The centerpiece of Kaufman’s visit is a public talk and moderated conversation to be held April 26 at 6:15 p.m. in the Ruth Caplin Theatre. The event is free, but patrons must obtain tickets through the Arts Box Office, with a limit of one ticket per student and two for other patrons. Tickets are available through April 19 to University staff, faculty and students only, after which they will be available to the general public; tickets must be obtained in person. UVA faculty, staff and students will need a UVA ID.

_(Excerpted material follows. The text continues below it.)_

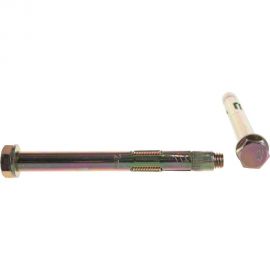 Анкерный болт Зубр 12 x 120 мм, 12 шт, желтопассивированный, Профессионал 302312-12-120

A book signing for “Moment Work: Tectonic Theater Project’s Process of Devising Theater” will follow directly after the talk, in the Caplin Theatre’s upper lobby. “Moment Work” is a detailed manual of the Tectonic Theater Project’s method and a chronicle of how the group wrote some of its best-known works.
Kaufman said he is most excited to share his experiences with UVA drama students in two classes, one in playwriting and the other in acting.
“I am very much looking forward to making my first-ever visit to Charlottesville and to the University of Virginia,” he said. “As a lifelong student of history, I am particularly interested in exploring Mr. Jefferson’s University and hometown. Most of all, I am eager to connect with the emerging theater artists at UVA who will soon be leading the way.”
Colleen Kelly, professor and chair of the Drama Department, will host Kaufman in her M.F.A. acting class on April 27.
“I’m especially interested in our students learning about the integrated process that Tectonic Theater Project uses to develop new works,” she said. “It’s my hope that our playwrights, designers, technicians and performers are inspired to think in new ways about collaboration and reminded that their work can make a difference in the world.”
Kaufman will also visit undergraduate students on April 26 in an “Advanced Playwriting” course led by Doug Grissom, an associate professor of drama.
Kaufman’s work is known for celebrating difference and critiquing our national response to bias and hate crimes. “The Laramie Project” is based on the life and death of Matthew Shepard, a gay college student who was beaten and left for dead in October 1998.
Recognizing his work’s impact on national conversations about diversity and LGBTQ rights, UVA’s Office of Equal Opportunity and Civil Rights – a co-sponsor of Kaufman’s visit – is hosting a reception for Kaufman and the LGBTQ and theater and arts communities during his stay.
“We thought it was particularly important and timely to bring Moisés to Grounds,” said Catherine Spear, associate vice president for equal opportunity and civil rights. “His creativity and vision will generate meaningful dialogue here about equality and diversity.”
Other co-sponsors of Kaufman’s visit include the Office of the Executive Vice President and Provost, the Vice Provost for the Arts and the Department of Drama.
Said Jody Kielbasa, vice provost for the arts, “We are honored to host Moisés Kaufman, whose extraordinary impact as an artist was recognized by President Barack Obama by both a National Medal for the Arts, and Kaufman’s attendance when the president signed into law the Matthew Shepard and James Byrd Jr. Hate Crimes Prevention Act.”
Kaufman’s Broadway directing credits include the revival of “The Heiress” with Jessica Chastain; “33 Variations” (which he also wrote) starring Jane Fonda, nominated for five Tony Awards; Rajiv Joseph’s Pulitzer Prize finalist “Bengal Tiger at the Baghdad Zoo,” with Robin Williams; and Doug Wright’s Pulitzer and Tony Award-winning play “I Am My Own Wife,” with Jefferson Mays. Kaufman also co-wrote and directed the HBO film adaptation of “The Laramie Project,” which received Emmy Award nominations for Best Director and Best Writer.
Kaufman’s visit is funded by the UVA Arts Fund for Artistic Excellence (formerly the Arts & Arts Grounds Fund), which supports the innovative creative work of students and faculty at the University. Administered by the Vice Provost for the Arts, funds are awarded across schools and units to support high-quality projects and initiatives in the arts.